- [Image-caption web data]
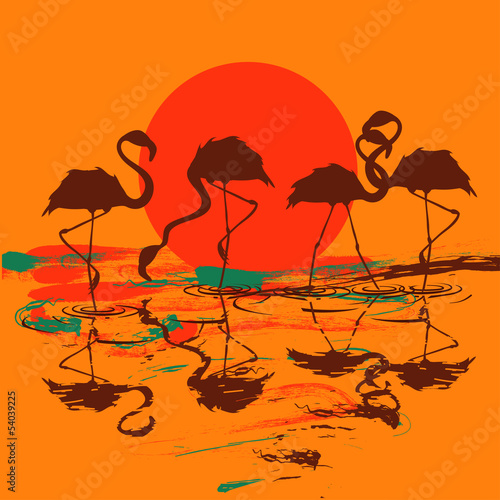 Fototapeta na wymiar Illustration with flock of flamingos at sunset or sunrise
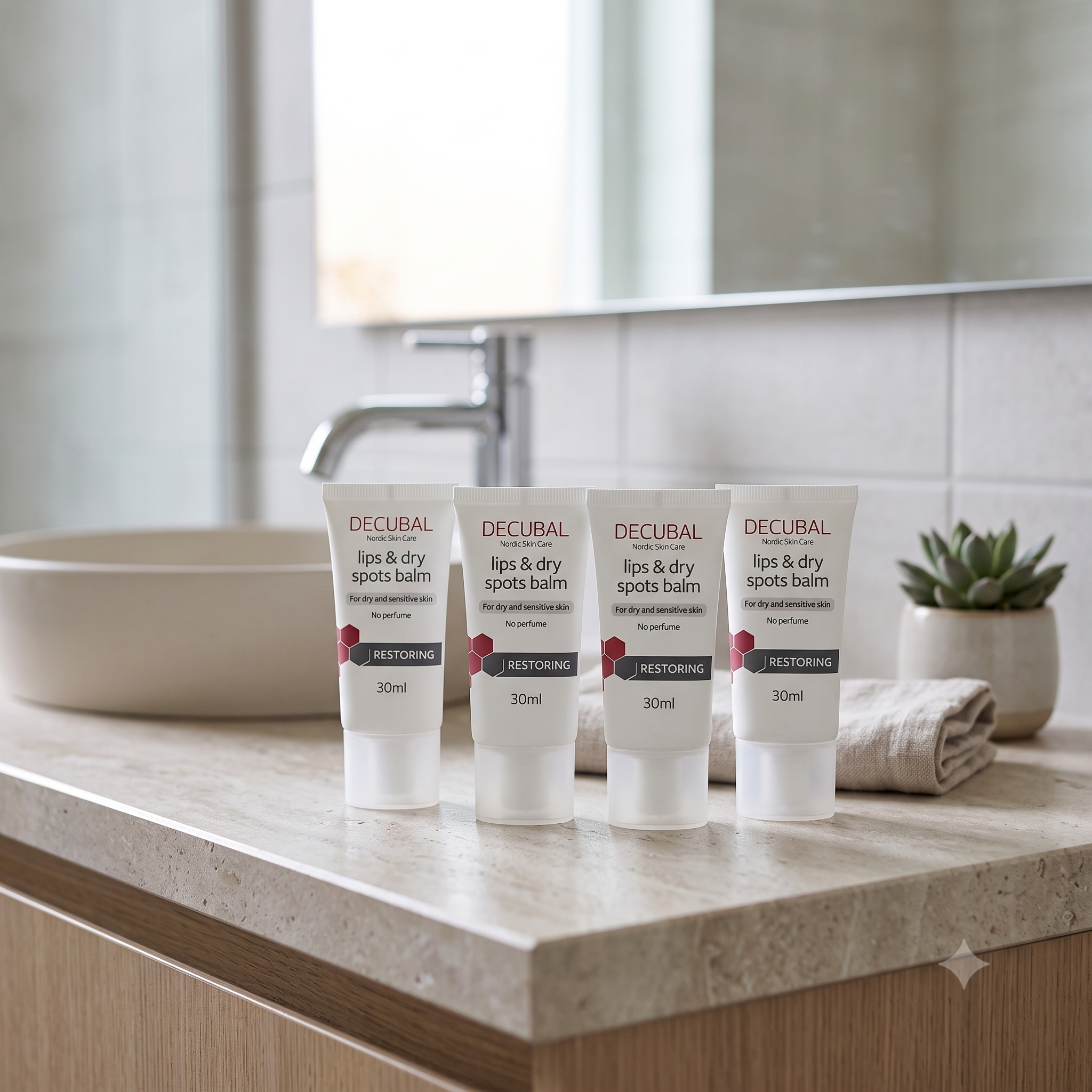 Decubal Lips & Dry Spots Balm 30ml 4 stykker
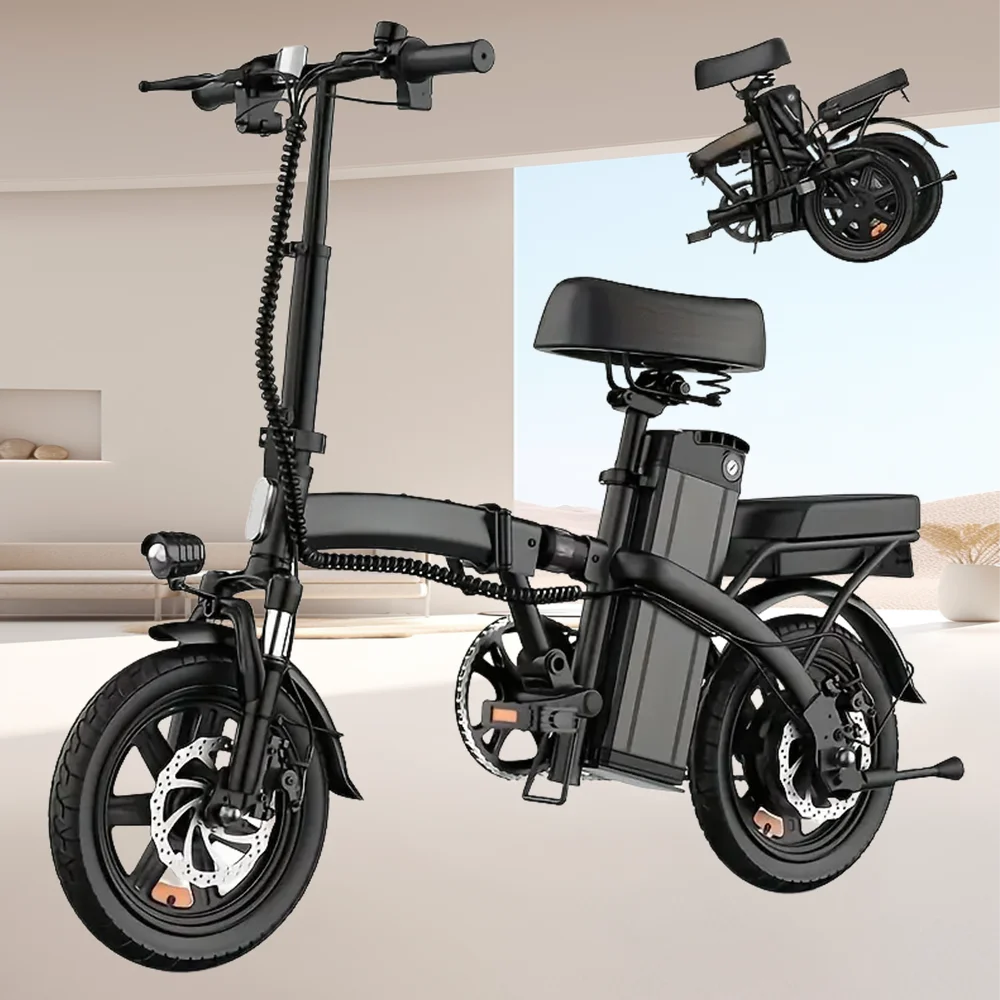 14" Folding Electric Motorcycles Mountain E Bike for Adults, 450W Peak Motor Ebike 20Mph 19.5Miles 48V 10.5AH Electric Bicycle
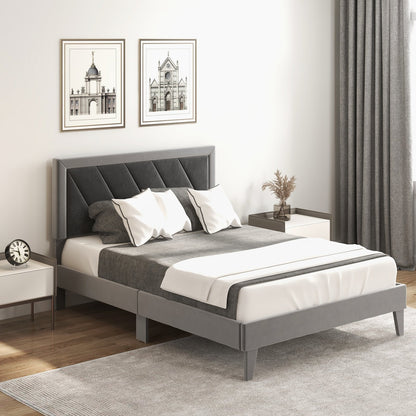 Twin/Full/Queen Platform Bed with High Headboard and Wooden Slats-Full Size, Black & Gray Simple Bed Frame   at Gallery Canada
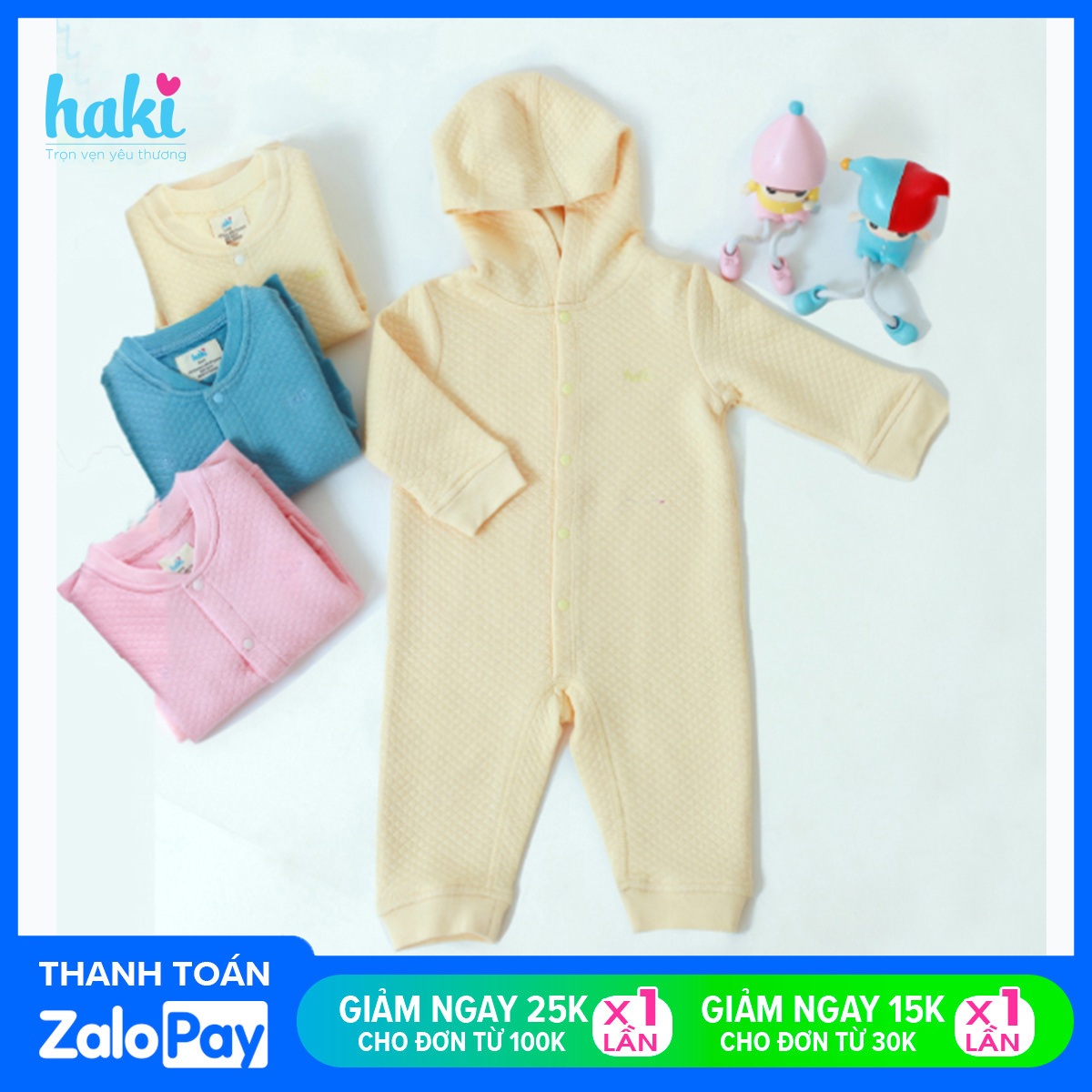 Bộ body sợi tre chần bông cho bé sơ sinh đến 1 tuổi HAKI BB015 (2.5-10kg) chất liệu cao cấp xuất khẩu Canada siêu mềm mịn, ấm áp, nhẹ, thoáng khí. Set áo liền quần thu đông có mũ (có video thật)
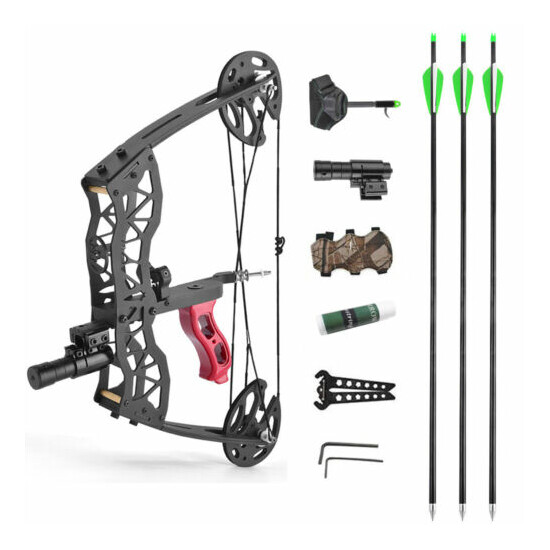 16" Mini Compound Bow Arrow Set 25lbs Fishing Hunting Archery Right Left Hand image {1}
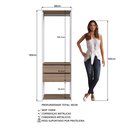 Ver imagem 3 de Módulo para Closet com Gavetas e Cabideiro 183x45x60cm Branco/Montana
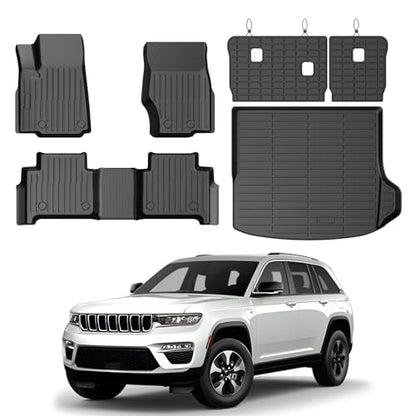 Grand Cherokee Floor Mats - Car Mats for Jeep Grand Cherokee 5-Seater 2022-2025(Include 4xe, Not WK or L), All Weather Floor Mats and Cargo Liner for Grand Cherokee Accessories, Heavy Duty Rubber Mats - size: 2)Jeep Grand Cherokee【22-25】Full set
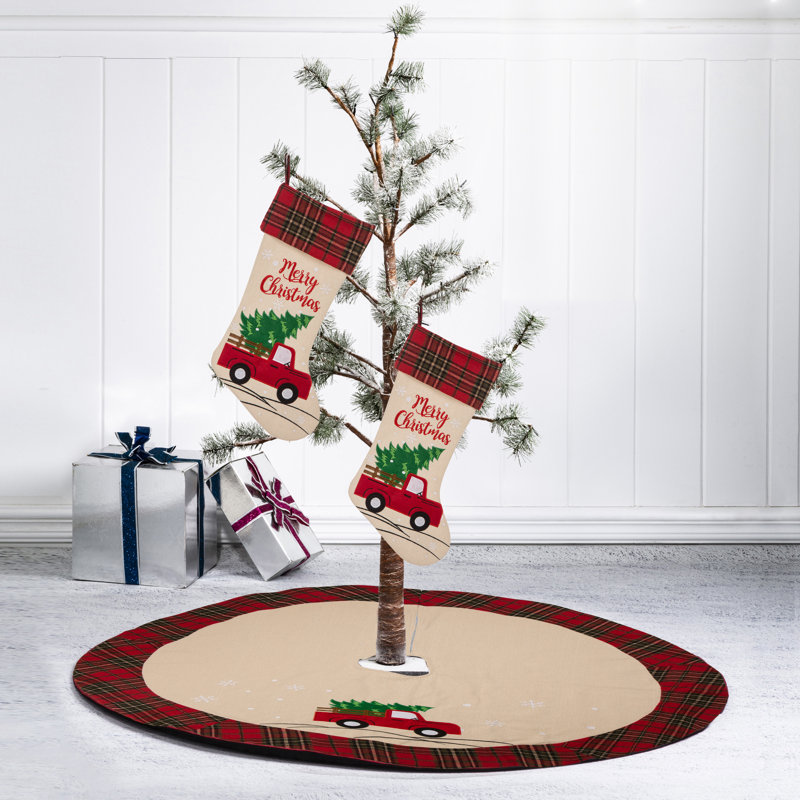 Ensemble de jupe d'arbre de Noël et chaussette 3 pièces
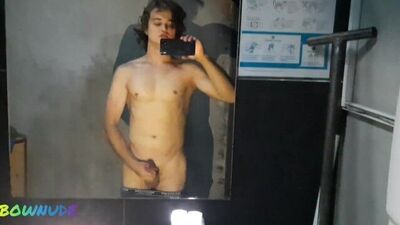 Boy-teenager filmed his masturbation at the public toilet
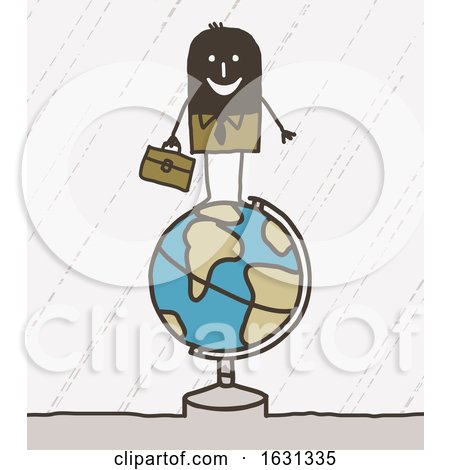 Black Stick Business Man on a Globe by NL shop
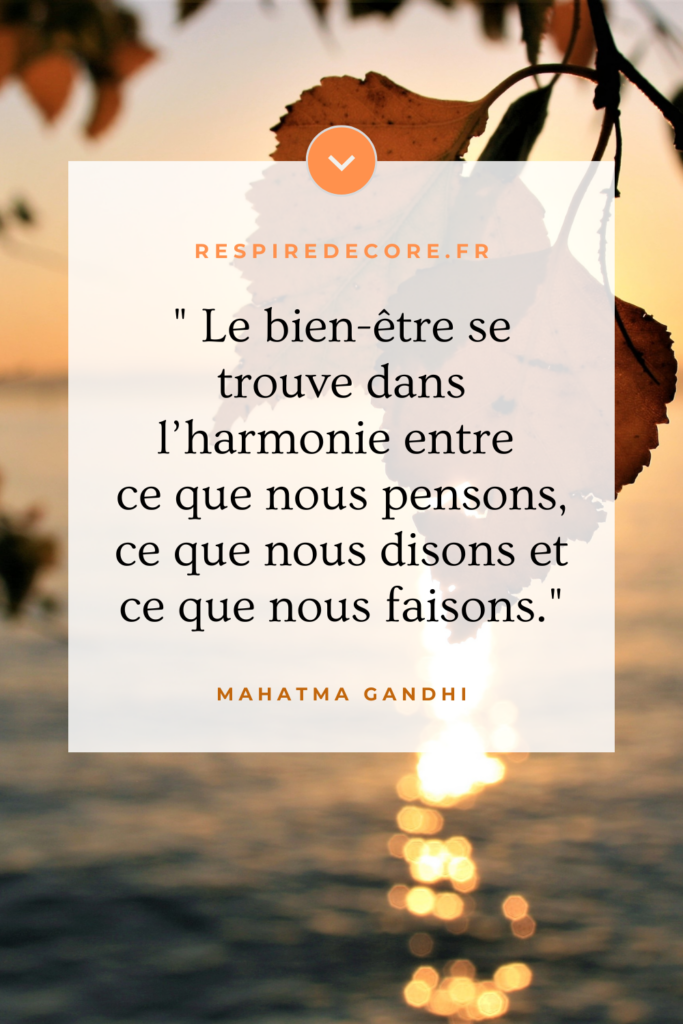 Citation de Gandhi sur le thème du bien-être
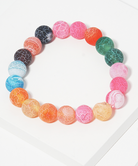 Frosted Semi Precious Stone Bead Bracelet (Multiple Colors)-Lola Monroe Boutique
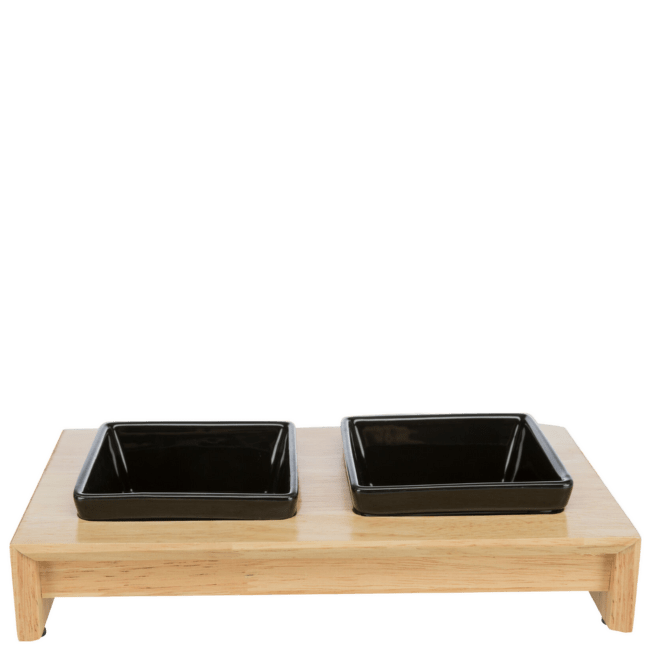 Paliktnis ar bļodām – TRIXIE Bowl Set, Ceramic/Wood, 28 x 15 x 5 cm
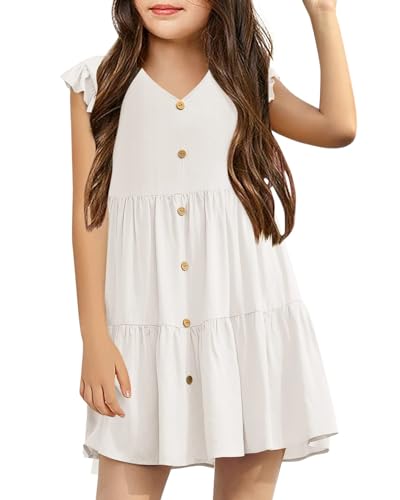 Haloumoning Kleider Sommer für Mädchen Ruffled Sleeves A-line Elegant T-Shirt Kleid Festliches Partykleid V Neck Freizeitkleid Weiß 4-6 Jahre von Haloumoning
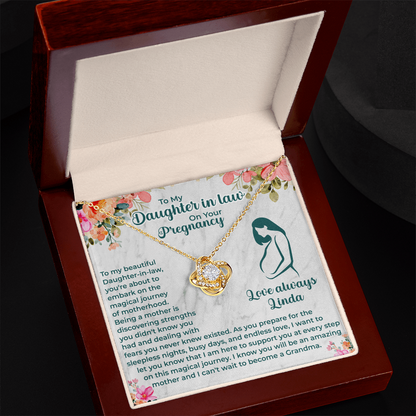 Pregnant Daughter-in-Law Love Knot Necklace - Message Card to Expecting Mom - Baby Shower Necklace for Mom-to-be Daughter-in-Law - Ready to Be Loved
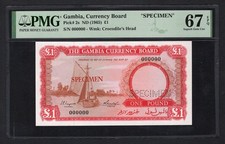 Gambia One Pound ND(1965) P2s  Specimen  Uncirculated Grade 67 Top Pop
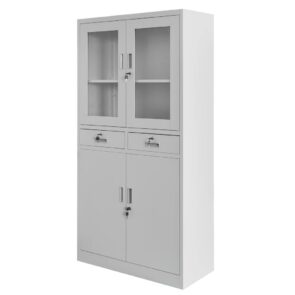 Zdjęcie produktu: Szafa biurowa metalowa na dokumenty Mega-M WENUS przeszklone drzwi 2 szuflady S-90 cm G-40 cm H-185 cm szara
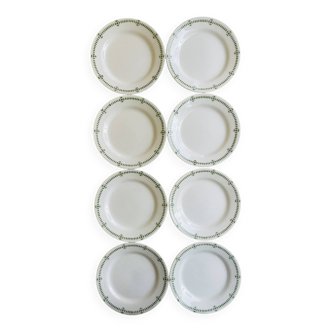 Set of 8 Creil and Montereau dinner plates
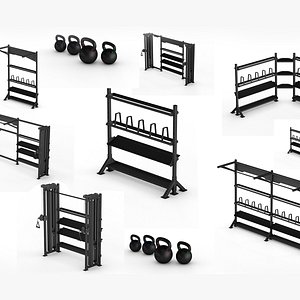 3D model Gym equipment pack of 9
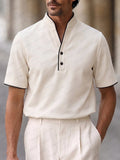 Casual Contrast Trim Stand Collar Top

- [What you will do] Write the lines from the line containing "Zdjęcie produktu: Szafa" through the last line of the data out again exactly, and only those lines; pictures stay out.

- [Answer section]
 Zdjęcie produktu: Szafa biurowa metalowa na dokumenty Mega-M WENUS przeszklone drzwi 2 szuflady S-90 cm G-40 cm H-185 cm szara
 Set of 8 Creil and Montereau dinner plates
 3D model Gym equipment pack of 9
 Casual Contrast Trim Stand Collar Top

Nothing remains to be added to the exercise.